AI in Dev Workflow: Balance and Control

While building Poseidon, a custom CTF focused container orchestrator and deploying OrcaCTF on AWS, Sumit asked how I incorporate AI into my development workflow. As I explained my process, I realized I’ve subconsciously developed a systematic framework which keeps me in control while making the most of AI’s strengths.

This post isn’t about prompt engineering or which model is the best.
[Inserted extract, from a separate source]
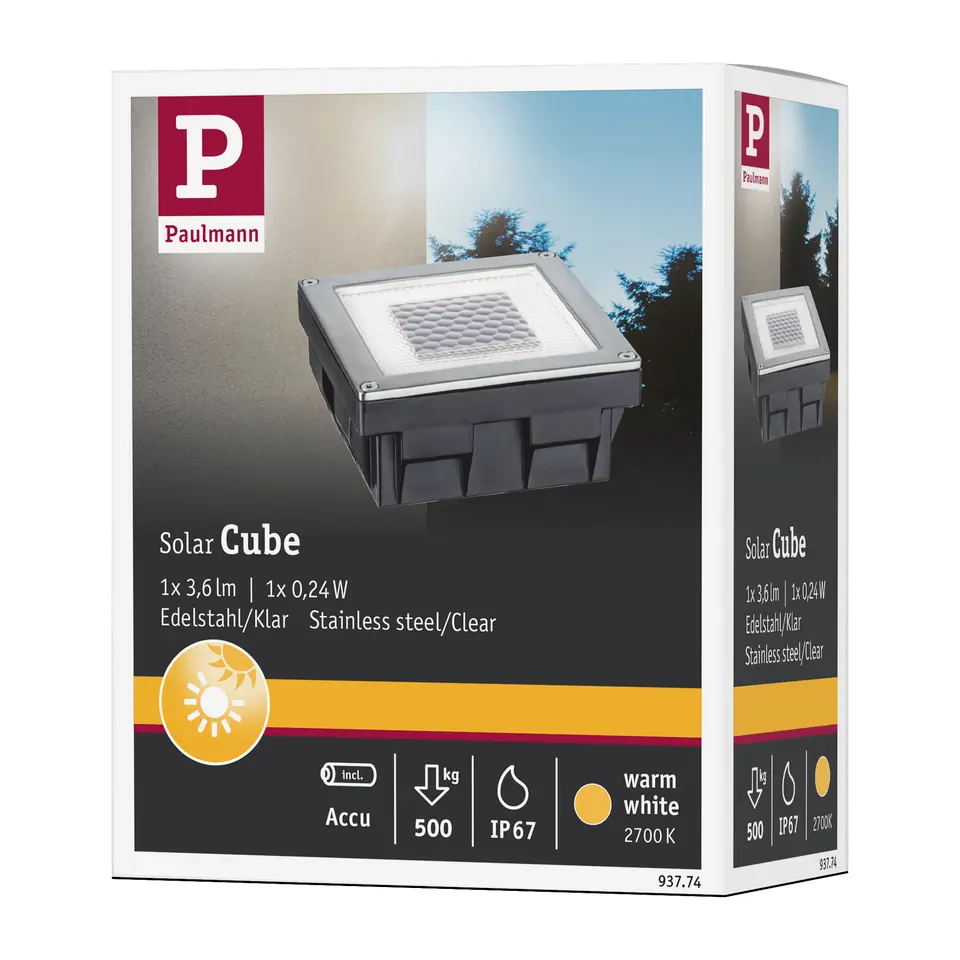 Paulmann Grondinbouwlamp Cube - Solar - 100x100mm - 0,24W - IP67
It’s about having a methodology to ensure you use AI to accelerate your workflow without making you dependent on it or producing unmaintainable code.

My 4-phase development framework

Phase 1: Solo Architecture Thinking ( No AI yet )
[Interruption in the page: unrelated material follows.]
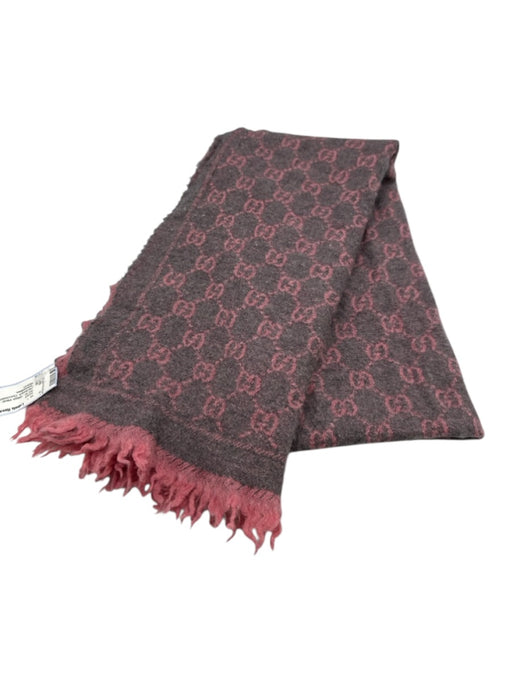 Gucci gray & pink Wool Jacquard Guccissima Fringe Trim Rectangle scarf gray & pink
Before touching any AI tool, I force a period of clean room thinking.

Take time and think through the requirements
Research options using primary documentation
Outline a couple of architectural approaches
Document trade-offs for each architecture

Example from Poseidon:

“Do I use AWS Lambda ( serverless, but 15 min execution limit ), Fargate ( managed containers, but complex per-container routing ) or build a custom orchestrator?”

Why this matters: AI defaults to the "average" solution found in its training data. It lacks the specific context of your constraints (budget, timeline, team expertise). Only you can critically evaluate these trade-offs. Skipping this step leads to generic, sub-optimal architectures.

Once I have a satisfying outline, I treat the AI (Claude is my preference here) as a "Red Team" or a Critical Reviewer. The goal isn't "tell me how to build," but "tell me where this breaks."

My validation checklist:

Edge case detection: I am choosing X over Y because of Z. What failure modes am I not considering?
Scale Analysis: Here’s my service mesh design. What breaks first at 10k concurrent users?
Operational blindspots: I’m planning to use Consul for service discovery. What are the known operational headaches?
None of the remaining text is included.